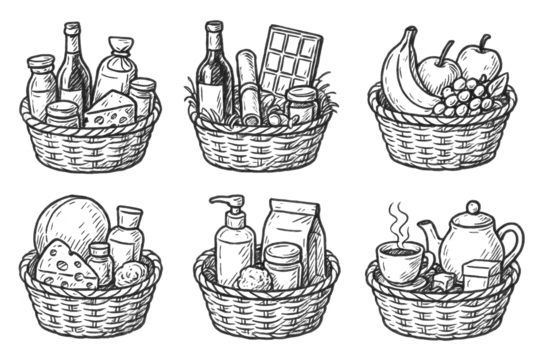 Hand-Drawn Hamper Icons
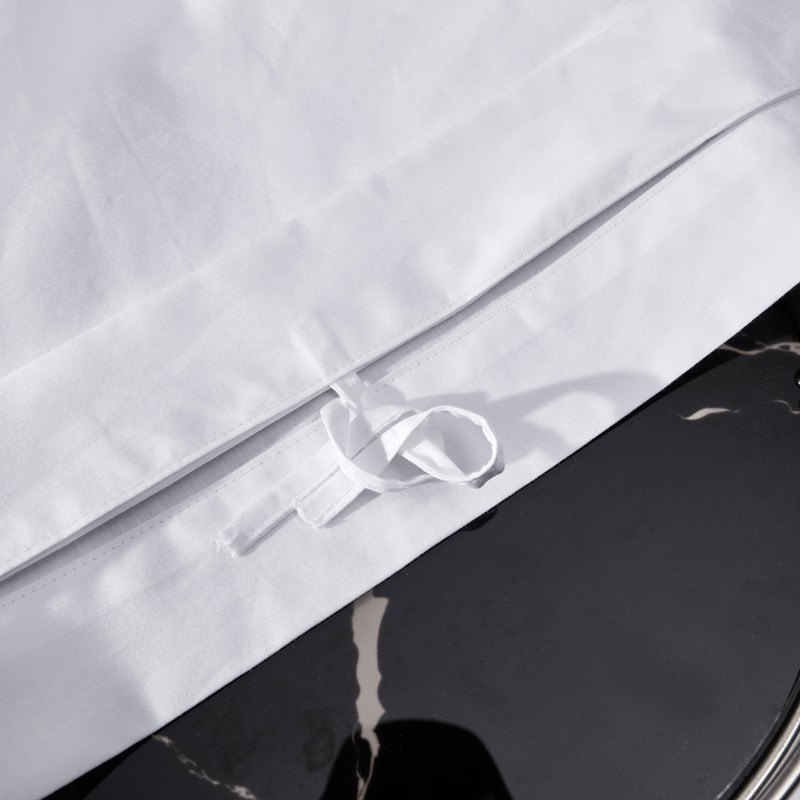 酒店四件套全棉贡缎床上用品白色套件民宿宾馆纯棉被套床单枕套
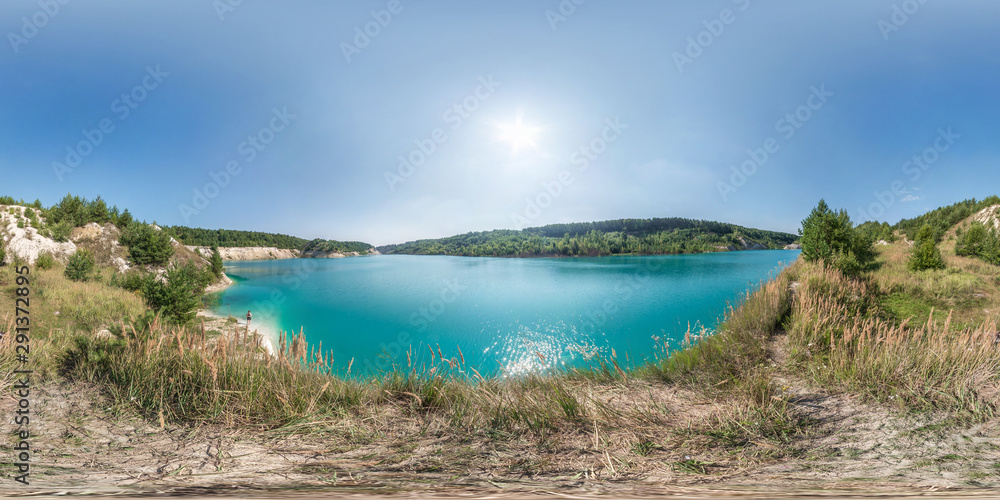 full seamless spherical hdri panorama 360 degrees angle view on chalkpit on limestone coast of huge turquoise lake in summer day in equirectangular projection with zenith and nadir, VR content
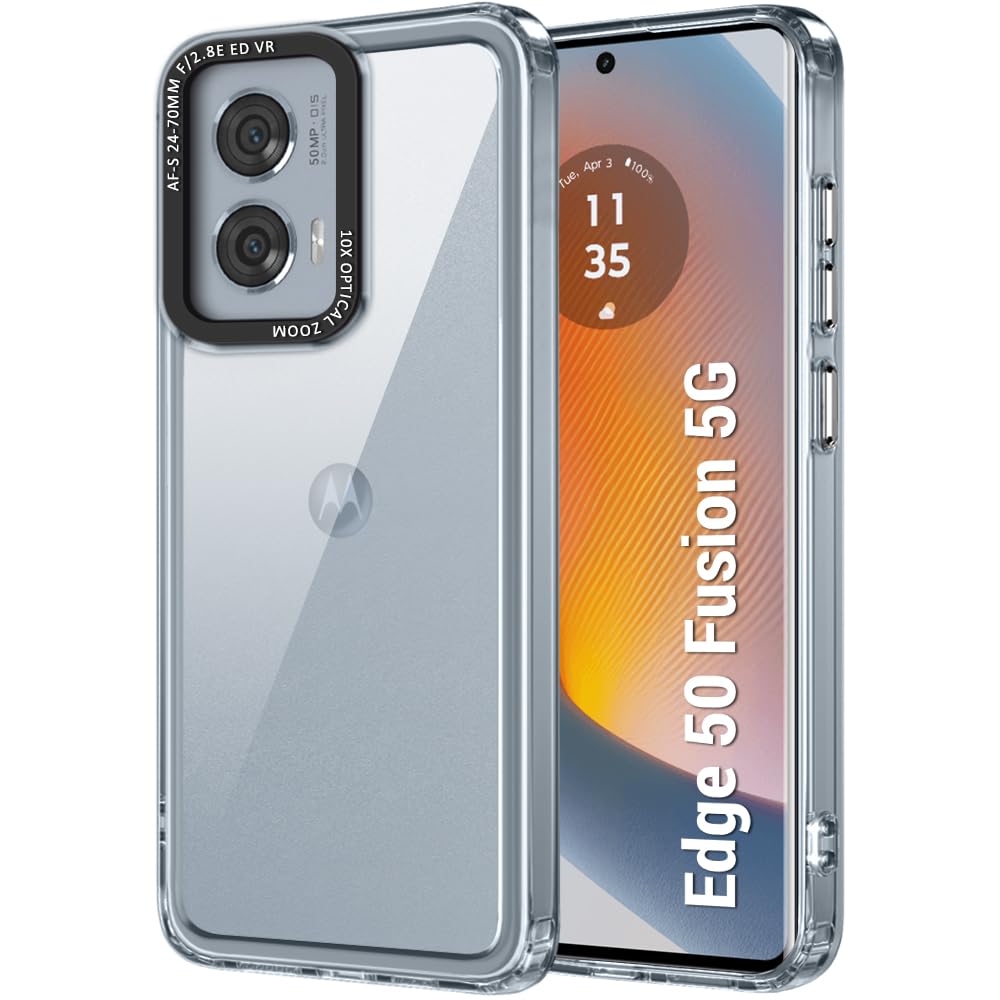 TheGiftKart Hybrid ShockProof Motorola Edge 50 Fusion 5G Back Cover Case | Stylish Camera Border | Plated Buttons | Crystal Clear Hard Back Case for Moto Edge 50 Fusion (TPU & PC, Transparent Bumper)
__________
◆ The problem
From the line containing "酒店四件套全棉贡缎床上用品白色套件民宿宾馆纯棉被套床单枕套" through the line containing "full seamless spherical", copy every line above exactly, without pictures.

◆ Task response
 酒店四件套全棉贡缎床上用品白色套件民宿宾馆纯棉被套床单枕套
 full seamless spherical hdri panorama 360 degrees angle view on chalkpit on limestone coast of huge turquoise lake in summer day in equirectangular projection with zenith and nadir, VR content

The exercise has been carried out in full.